Lawmakers warn new tax regime could erode investor confidence and trigger further sell-offs…
The Nigerian Senate has called on the Minister of Finance and Coordinating Minister of the Economy, Wale Edun, to urgently review the 30 per cent Capital Gains Tax (CGT) on large share disposals following a ₦2 trillion loss in market value on the Nigerian Exchange Limited (NGX) last week.
The tax increase, introduced under the recently passed Nigerian Tax Act 2025, raises CGT on share transactions worth ₦150 million and above from 10 per cent to 30 per cent, with implementation scheduled to begin on January 1, 2026.
Chairman of the Senate Committee on Capital Market and Institutions, Senator Osita Izunaso, made the appeal on Wednesday while presenting a paper titled “Redefining the Rules: The Investment and Securities Act 2025 and the Future of Nigeria’s Capital Market” at the Moneyline with Nancy Investment Forum 2025 in Abuja.
Izunaso warned that the sudden policy change has shaken investor confidence, prompting a wave of panic sales that wiped out over ₦2 trillion in market capitalization within a week.
“The increase in Capital Gains Tax on share sales above ₦150 million is worrisome,” he said. “In anticipation of this change, we have observed significant disposals by major investors, resulting in a notable decline in market capitalization over the past few days.”
He commended President Bola Tinubu for revitalizing Nigeria’s capital market since 2023 through reforms that strengthened macroeconomic stability but urged caution in implementing new fiscal measures.
Senate to Engage Finance Minister
Izunaso said while taxation remains crucial for government revenue, fiscal policies must be structured to avoid undermining investor sentiment or discouraging long-term investment.
“While taxation is essential for revenue generation, it is equally critical that fiscal measures do not inadvertently undermine investors’ confidence or discourage long-term capital formation,” he stated.
The lawmaker disclosed that the Senate Committee on Capital Market would engage the Finance Minister to explore mechanisms that could mitigate the impact of the new CGT framework and restore market confidence.
He suggested that the Ministry of Finance delay implementation of certain provisions in the Act, particularly those that could destabilize the capital market.
“We are aware that the new law is supposed to commence by January 2026. But we are suggesting that some provisions should only take effect when advised by the Honourable Minister. This particular tax adjustment should not commence on January 1, because it is already affecting the market,” Izunaso advised.
Background and Government Clarifications
The Chairman of the Presidential Committee on Fiscal Policy and Tax Reforms, Taiwo Oyedele, had earlier clarified that the new Capital Gains Tax regime would not apply retroactively to investment profits earned before 2026.

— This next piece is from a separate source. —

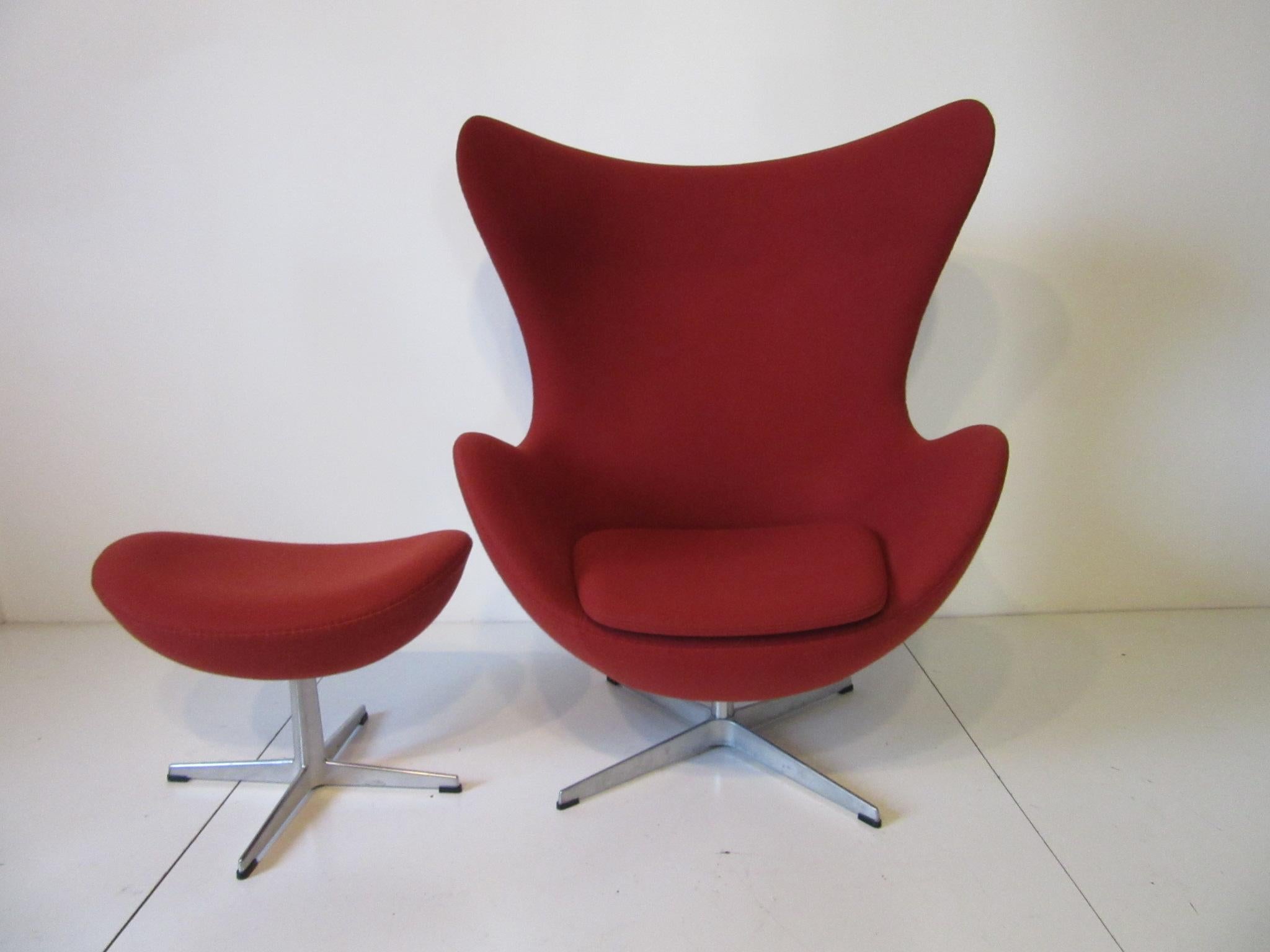 Modern Arne Jacobsen Egg Chair with Ottoman for Fritz Hansen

According to the committee, the updated framework includes a cost-basis reset and grandfathering clause designed to protect existing investments and ensure only new gains realised after January 2026 are taxable.
Meanwhile, Finance Minister Wale Edun has assured stakeholders that the government will adopt a cautious and consultative approach in rolling out the tax reforms, particularly the contentious CGT on securities transactions.